What supreme irony it is that, with the news still fresh about our carbon footprint being found to be double the Scottish average, we learn that the Shetland Arts chief is about to jet off for two and a half weeks, on full pay, to a “social enterprise forum” in Australia.
Of course jaunts to far-flung places are nothing new. Councillors and officials have been at it for years – it used to be said that one SIC employee spent so much time in the US he qualified for dual nationality – and trust heads did not need much incitement to jump on the bandwagon. But in the mind-boggling stakes this latest one surely takes some beating.
Highlands & Islands Enterprise is apparently picking the tab on this occasion, but that offers little saving grace to Shetland Arts’ involvement. This is a ridiculous waste of public money which would be better spent in helping businesses in the area during a time when there is so much talk of savage cuts in both the public and private sectors.

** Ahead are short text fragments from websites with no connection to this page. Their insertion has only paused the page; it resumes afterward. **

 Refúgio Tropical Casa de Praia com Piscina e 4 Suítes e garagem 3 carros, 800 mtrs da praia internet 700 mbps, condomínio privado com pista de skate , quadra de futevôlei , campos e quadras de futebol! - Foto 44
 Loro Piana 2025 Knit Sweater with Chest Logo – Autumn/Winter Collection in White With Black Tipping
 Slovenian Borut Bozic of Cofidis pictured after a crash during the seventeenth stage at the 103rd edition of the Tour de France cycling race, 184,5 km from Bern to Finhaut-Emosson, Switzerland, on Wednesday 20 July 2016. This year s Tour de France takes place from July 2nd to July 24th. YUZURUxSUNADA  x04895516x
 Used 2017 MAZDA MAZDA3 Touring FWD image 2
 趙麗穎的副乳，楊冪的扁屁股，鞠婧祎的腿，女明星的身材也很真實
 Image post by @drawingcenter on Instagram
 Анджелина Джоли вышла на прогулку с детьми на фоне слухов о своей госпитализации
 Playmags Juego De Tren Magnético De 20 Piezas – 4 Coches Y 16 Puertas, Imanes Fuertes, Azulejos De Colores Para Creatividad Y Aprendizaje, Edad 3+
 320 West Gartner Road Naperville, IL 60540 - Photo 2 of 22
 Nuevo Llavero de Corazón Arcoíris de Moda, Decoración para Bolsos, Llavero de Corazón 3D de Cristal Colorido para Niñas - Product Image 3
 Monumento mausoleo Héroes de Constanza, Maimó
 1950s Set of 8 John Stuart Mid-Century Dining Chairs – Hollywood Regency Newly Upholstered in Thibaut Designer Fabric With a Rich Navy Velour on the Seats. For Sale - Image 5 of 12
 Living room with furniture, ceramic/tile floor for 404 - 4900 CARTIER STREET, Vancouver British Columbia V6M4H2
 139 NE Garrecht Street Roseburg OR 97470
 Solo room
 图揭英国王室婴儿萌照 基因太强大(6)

The justification for this is impossible to see. To suggest that the event could “promote high-level discussion on the future of social enterprise” will fool no-one. Neither will the risible notion that rural aspects down under somehow mirror those in the Highlands and Islands, with long distances and dispersed populations. Any similarity is at best extremely vague, as anyone who has experience of both places knows only too well.
Australian comedian Barry Humphries, in his alter-ego of Dame Edna Everage, once told an interviewer: “Never be afraid to laugh at yourself – after all, you could be missing out on the joke of the century.” Apt words indeed.